Its curvature foreshadows the next financial bubble

Predicting the financial bubble
MPI for Mathematics in the Sciences

An international team of interdisciplinary researchers has identified mathematical metrics to characterize the fragility of financial markets. Their paper “Network geometry and market instability“ sheds light on the higher-order architecture of financial systems and allows analysts to identify systemic risks like market bubbles or crashes.

With the recent rush of small investors into so-called meme stocks and reemerging interest in cryptocurrencies talk of market instability, rising volatility, and bursting bubbles is surging. However, “traditional economic theories cannot foresee events like the US subprime mortgage collapse of 2007” according to study author Areejit Samal.

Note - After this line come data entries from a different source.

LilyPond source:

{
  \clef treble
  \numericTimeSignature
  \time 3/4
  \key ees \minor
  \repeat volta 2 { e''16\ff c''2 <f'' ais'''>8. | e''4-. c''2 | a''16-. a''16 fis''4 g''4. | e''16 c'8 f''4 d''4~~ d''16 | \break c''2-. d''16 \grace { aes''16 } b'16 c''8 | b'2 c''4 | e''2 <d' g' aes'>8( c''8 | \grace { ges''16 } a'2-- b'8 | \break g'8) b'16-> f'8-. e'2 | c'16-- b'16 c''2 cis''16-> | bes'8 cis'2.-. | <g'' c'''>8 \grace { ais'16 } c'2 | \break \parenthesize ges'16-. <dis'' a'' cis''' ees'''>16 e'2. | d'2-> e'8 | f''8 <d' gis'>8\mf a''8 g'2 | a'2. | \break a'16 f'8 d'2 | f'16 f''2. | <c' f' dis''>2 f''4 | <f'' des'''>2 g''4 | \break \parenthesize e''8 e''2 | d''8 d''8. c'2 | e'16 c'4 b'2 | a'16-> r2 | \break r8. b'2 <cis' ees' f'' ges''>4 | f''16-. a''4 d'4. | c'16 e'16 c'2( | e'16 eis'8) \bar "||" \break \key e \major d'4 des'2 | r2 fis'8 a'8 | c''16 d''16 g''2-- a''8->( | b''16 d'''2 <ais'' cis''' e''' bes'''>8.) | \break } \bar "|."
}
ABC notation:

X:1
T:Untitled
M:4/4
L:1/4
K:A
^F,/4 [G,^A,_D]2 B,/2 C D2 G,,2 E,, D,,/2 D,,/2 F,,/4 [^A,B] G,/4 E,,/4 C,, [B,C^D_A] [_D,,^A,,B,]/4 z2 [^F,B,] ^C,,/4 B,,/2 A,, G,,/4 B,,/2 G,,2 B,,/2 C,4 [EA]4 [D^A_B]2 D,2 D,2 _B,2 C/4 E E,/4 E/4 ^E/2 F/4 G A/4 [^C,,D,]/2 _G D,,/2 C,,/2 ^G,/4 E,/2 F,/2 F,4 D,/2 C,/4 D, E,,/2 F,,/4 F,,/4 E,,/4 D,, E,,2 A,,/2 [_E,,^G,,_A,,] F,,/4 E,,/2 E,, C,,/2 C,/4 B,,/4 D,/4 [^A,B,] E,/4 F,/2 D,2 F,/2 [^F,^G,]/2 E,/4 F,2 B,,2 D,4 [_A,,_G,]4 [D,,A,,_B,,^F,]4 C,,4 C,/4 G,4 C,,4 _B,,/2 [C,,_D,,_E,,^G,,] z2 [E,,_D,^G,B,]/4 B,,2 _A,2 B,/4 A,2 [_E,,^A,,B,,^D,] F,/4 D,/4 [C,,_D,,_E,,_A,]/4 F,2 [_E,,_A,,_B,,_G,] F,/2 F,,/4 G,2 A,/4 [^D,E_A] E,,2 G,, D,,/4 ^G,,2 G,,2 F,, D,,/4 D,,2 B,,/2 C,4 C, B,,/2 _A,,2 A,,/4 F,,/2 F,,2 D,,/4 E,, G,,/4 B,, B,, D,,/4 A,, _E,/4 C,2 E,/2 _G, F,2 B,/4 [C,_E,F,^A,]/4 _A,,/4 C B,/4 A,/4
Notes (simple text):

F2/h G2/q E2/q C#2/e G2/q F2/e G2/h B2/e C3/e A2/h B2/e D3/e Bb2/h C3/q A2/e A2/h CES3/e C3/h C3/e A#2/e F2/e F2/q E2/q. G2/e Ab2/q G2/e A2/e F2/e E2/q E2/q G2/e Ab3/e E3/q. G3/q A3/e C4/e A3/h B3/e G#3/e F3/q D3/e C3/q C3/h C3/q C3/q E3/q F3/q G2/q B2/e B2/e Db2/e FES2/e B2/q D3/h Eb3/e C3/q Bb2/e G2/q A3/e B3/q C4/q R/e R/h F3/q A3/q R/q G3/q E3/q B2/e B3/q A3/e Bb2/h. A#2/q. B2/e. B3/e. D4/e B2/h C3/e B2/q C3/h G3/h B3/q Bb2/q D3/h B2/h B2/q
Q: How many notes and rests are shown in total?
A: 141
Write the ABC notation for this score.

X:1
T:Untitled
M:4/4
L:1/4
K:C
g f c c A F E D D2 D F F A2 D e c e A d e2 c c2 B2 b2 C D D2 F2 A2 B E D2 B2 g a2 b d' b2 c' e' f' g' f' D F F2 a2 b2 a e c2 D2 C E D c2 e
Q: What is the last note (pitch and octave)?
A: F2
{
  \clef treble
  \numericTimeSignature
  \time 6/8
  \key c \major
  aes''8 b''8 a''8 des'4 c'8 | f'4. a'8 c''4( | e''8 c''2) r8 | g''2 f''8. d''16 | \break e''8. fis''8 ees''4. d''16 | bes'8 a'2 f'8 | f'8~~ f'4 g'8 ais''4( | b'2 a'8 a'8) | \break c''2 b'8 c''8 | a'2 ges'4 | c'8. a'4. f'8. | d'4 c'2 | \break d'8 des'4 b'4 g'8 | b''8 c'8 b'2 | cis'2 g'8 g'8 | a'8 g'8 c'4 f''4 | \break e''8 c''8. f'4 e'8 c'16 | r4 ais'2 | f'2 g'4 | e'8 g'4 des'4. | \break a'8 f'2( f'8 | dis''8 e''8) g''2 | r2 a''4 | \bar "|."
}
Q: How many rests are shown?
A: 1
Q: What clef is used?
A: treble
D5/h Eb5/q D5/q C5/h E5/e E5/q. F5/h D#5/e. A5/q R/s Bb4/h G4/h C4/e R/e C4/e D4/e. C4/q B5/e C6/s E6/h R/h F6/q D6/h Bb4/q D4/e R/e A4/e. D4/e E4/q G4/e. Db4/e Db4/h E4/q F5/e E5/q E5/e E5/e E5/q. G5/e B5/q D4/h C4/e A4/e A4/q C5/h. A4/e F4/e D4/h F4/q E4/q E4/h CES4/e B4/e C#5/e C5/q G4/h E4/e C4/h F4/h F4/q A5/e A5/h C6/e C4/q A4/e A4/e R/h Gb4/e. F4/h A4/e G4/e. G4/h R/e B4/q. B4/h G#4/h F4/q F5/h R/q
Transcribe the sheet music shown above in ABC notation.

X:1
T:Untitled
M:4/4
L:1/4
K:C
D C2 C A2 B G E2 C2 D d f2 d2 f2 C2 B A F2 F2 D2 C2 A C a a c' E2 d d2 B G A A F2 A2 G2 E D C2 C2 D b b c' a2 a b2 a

He and his colleagues from more than ten mathematics, physics, economics, and complex systems focused institutions around the globe have made a great stride in characterizing stock market instability.

Distinguish between ‘business-as-usual’ periods and times of fragility

Their paper abstracts the complexity of the financial market into a network of stocks and employs geometry-inspired network measures to gauge market fragility and financial dynamics. They analyzed and contrasted the stock market networks for the USA S&P500 and the Japanese Nikkei-225 indices for a 32-year period (1985-2016) and for the first time were able to show that several discrete Ricci curvatures are excellent indicators of market instabilities. The work was recently published in the Royal Society Open Science journal and allows analysts to distinguish between ‘business-as-usual’ periods and times of fragility like bubbles or market crashes.

The network created by connecting stocks with highly correlated prices and trading volumes forms the structural basis of their work. The researchers then employ four discrete curvatures, developed by the director of Max Planck Institute for Mathematics in the Sciences Jürgen Jost and his coworkers, to study the changes in the structure of stock market networks over time. Their comparisons to other market stability metrics have shown that their four notions of curvature serve as generic indicators of market instability.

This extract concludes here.